::: TASK DATA

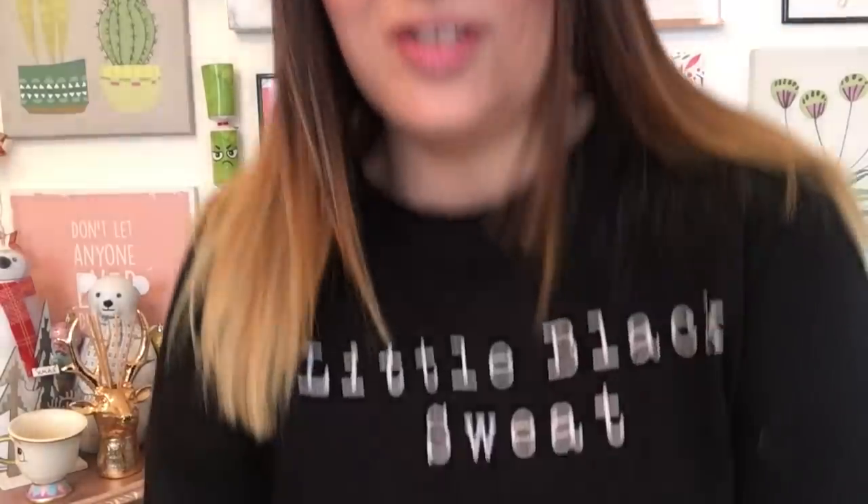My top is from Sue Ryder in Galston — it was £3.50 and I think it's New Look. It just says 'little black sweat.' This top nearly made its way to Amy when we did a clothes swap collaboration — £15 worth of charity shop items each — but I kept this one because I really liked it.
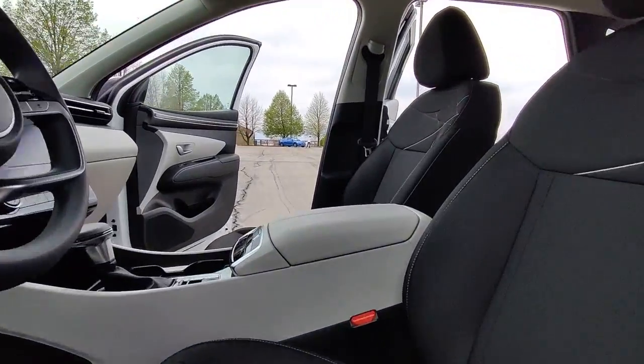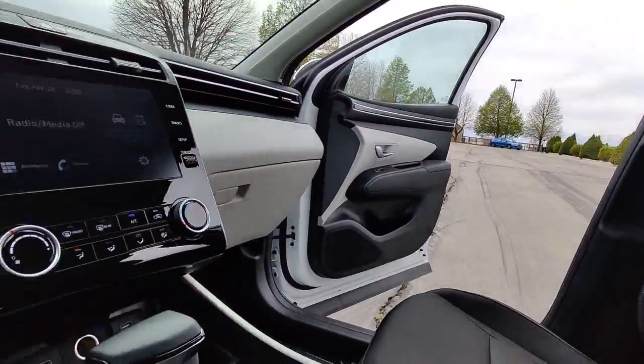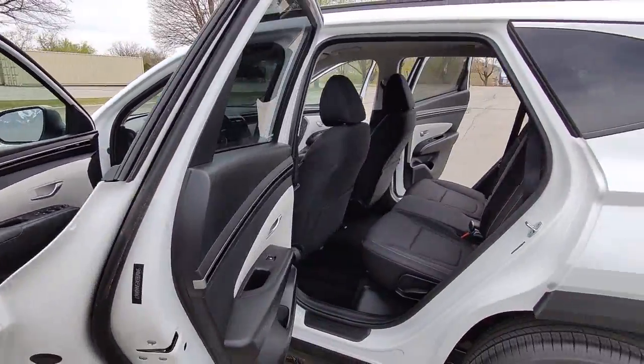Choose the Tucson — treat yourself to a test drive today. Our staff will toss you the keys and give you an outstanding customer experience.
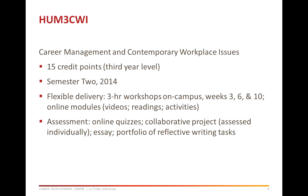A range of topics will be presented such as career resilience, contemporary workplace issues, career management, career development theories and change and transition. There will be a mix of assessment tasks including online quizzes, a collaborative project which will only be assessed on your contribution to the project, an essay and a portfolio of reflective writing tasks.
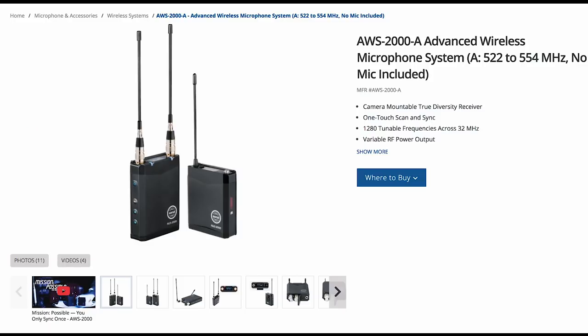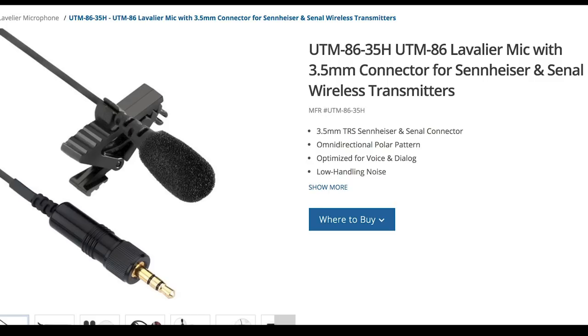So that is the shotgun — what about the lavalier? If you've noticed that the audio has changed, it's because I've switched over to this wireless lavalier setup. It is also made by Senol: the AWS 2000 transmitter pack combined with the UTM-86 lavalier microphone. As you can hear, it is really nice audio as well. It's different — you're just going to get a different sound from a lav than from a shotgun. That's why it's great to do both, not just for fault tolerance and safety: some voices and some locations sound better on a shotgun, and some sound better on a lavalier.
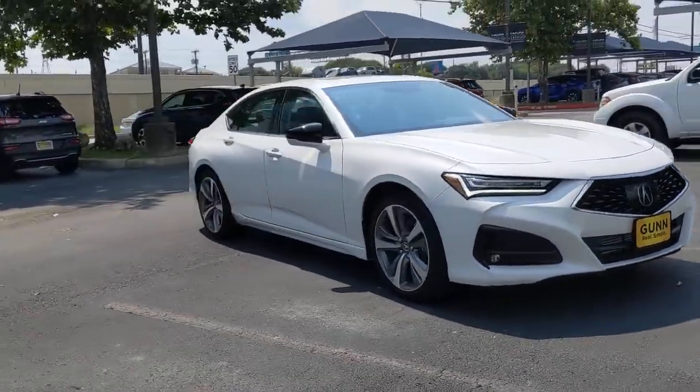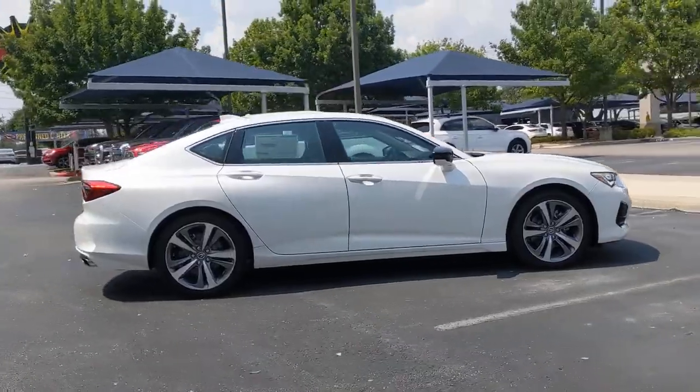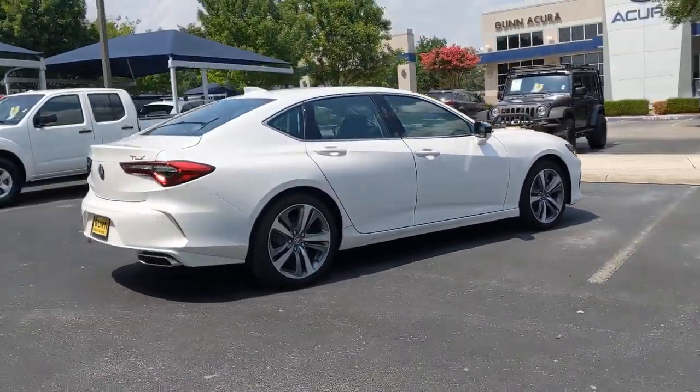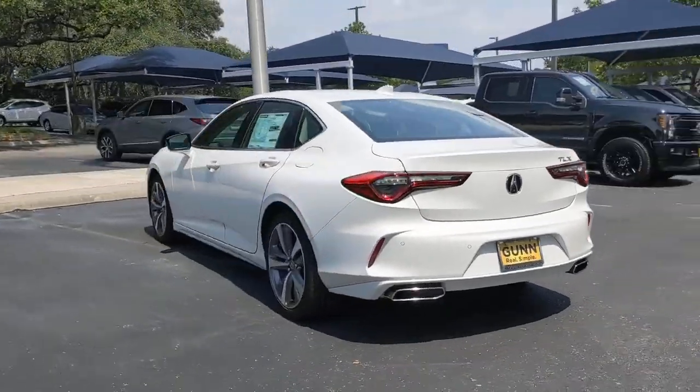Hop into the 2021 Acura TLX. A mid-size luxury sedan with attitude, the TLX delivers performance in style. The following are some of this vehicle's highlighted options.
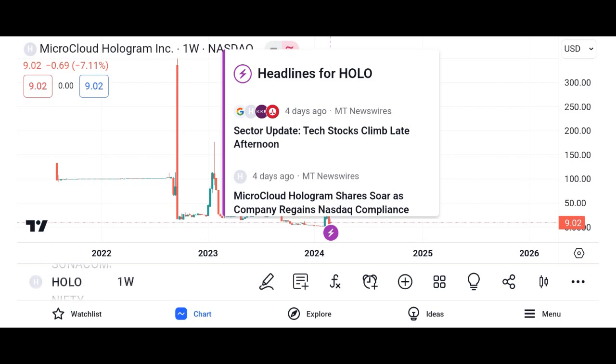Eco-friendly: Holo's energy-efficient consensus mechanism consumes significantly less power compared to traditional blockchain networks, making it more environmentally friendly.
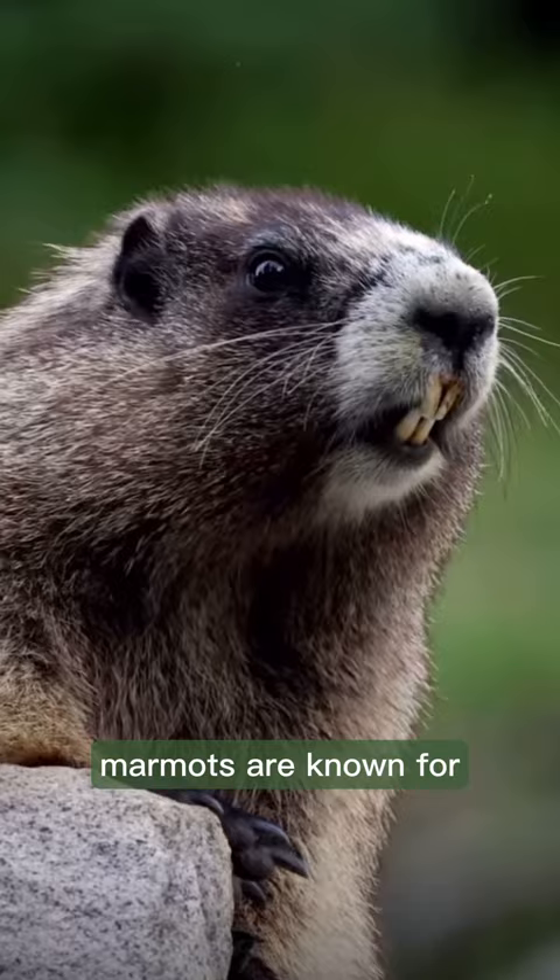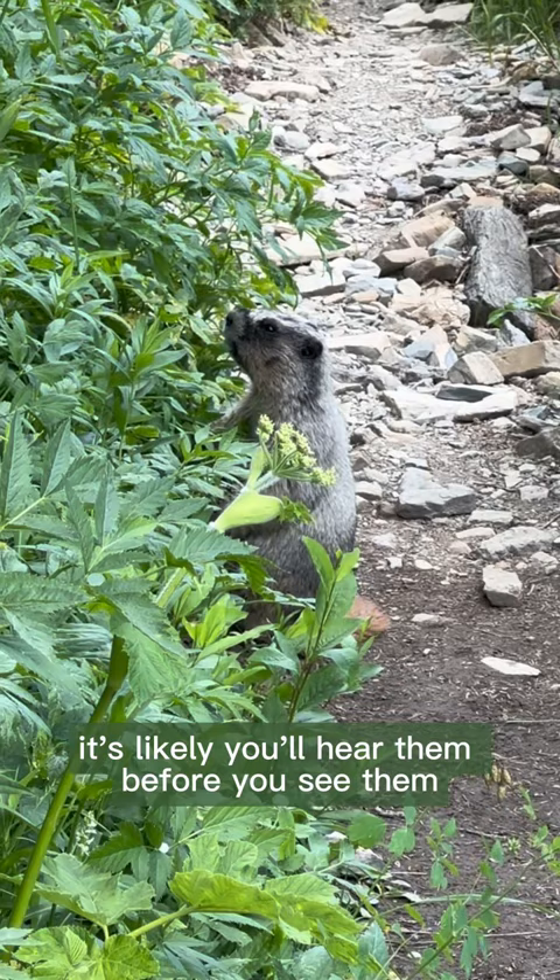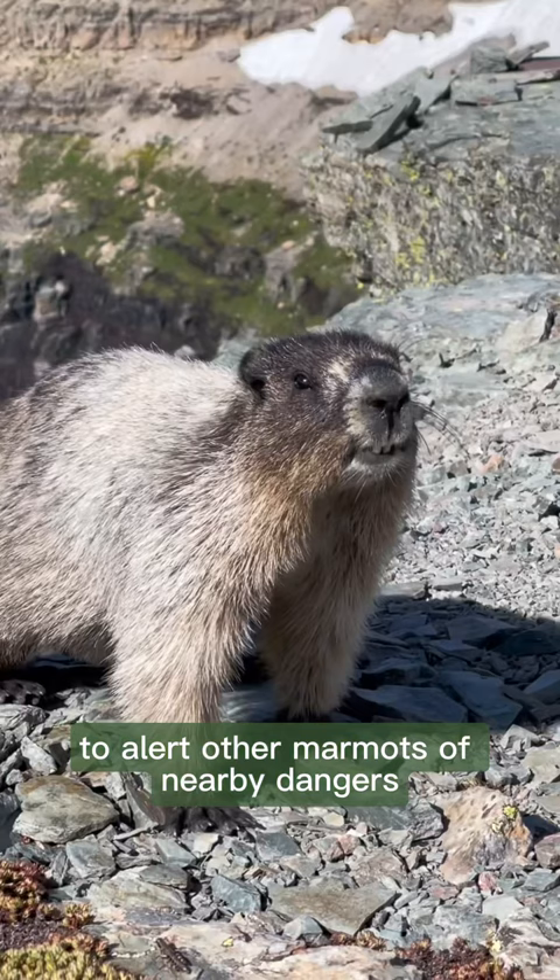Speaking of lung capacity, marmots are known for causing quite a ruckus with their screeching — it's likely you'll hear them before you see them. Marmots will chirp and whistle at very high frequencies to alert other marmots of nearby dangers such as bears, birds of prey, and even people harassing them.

::::::

» EXERCISE BRIEF:
What to print is the stretch of entries from the line with "Choose the Tucson" up to and including the line with "A range of topics". Please print it exactly and leave out the pictures.

» SOLUTION TO THE EXERCISE:
Choose the Tucson — treat yourself to a test drive today. Our staff will toss you the keys and give you an outstanding customer experience.
A range of topics will be presented such as career resilience, contemporary workplace issues, career management, career development theories and change and transition. There will be a mix of assessment tasks including online quizzes, a collaborative project which will only be assessed on your contribution to the project, an essay and a portfolio of reflective writing tasks.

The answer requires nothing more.